# Prove divisibility with gcd: If $ar+bs=d=\gcd(a,b)$, then $r$ and $s$ are relatively prime

I have this math problem. The question is:

Suppose that $a$ and $b$ are positive integers, with $d = \gcd(a, b)$. Suppose that there exists integers $r$ and $s$ so that $ar + bs= d$. We want to show that $r$ and $s$ are relatively prime using the following procedures:

i) Let $k \in \mathbb{Z}$ such that $k \mid r$ and $k \mid s$. Use "If $A\mid C$ and $B\mid D$, then $AB\mid CD$" to show that $kd \mid d$.

ii) Use the result from part i to conclude that $k \le 1$ and hence $\gcd(r, s) = 1$. This prove that $r$ and $s$ are relatively prime.

So far I have that we know that since $k\mid r$ then $k\mid ar$. We also know that since $k\mid s$, then $k\mid bs$. So, since $k\mid ar$ and $k\mid bs$ we know $k\mid (ar+bs)$. Therefore, $k\mid d$. However, I'm not sure where to go from here.
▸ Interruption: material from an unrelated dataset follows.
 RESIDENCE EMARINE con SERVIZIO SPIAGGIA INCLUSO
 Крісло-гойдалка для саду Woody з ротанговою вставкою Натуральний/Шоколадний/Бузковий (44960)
Thanks

• Show that k divides $a/d$ and $b/d$ and conclude that k divides 1. – Nitrogen Oct 8 '15 at 2:29

First Proof

Claim. $kd\mid d$.

Proof $d\mid a \land k\mid r \implies kd\mid ar$

$d\mid b \land k\mid s \implies kd\mid bs$

$\therefore kd\mid ar+bs\implies kd\mid d\implies ??$

Second Proof

But I think that the proof can be done in much simple way if you just notice that $r\left(\dfrac{a}{d}\right)+s\left(\dfrac{b}{d}\right)=1$. Then from Bezout's Identity you can easily conclude that $\gcd(r,s)=1$.

Do what they say. You have $k\mid r$ and $d\mid a$ so you have $kd\mid ar$. You have $k\mid s$ and $d\mid b$ so you have $kd\mid bs$ so you have $kd\mid ar + bs = d$. So you have $kd\mid d$.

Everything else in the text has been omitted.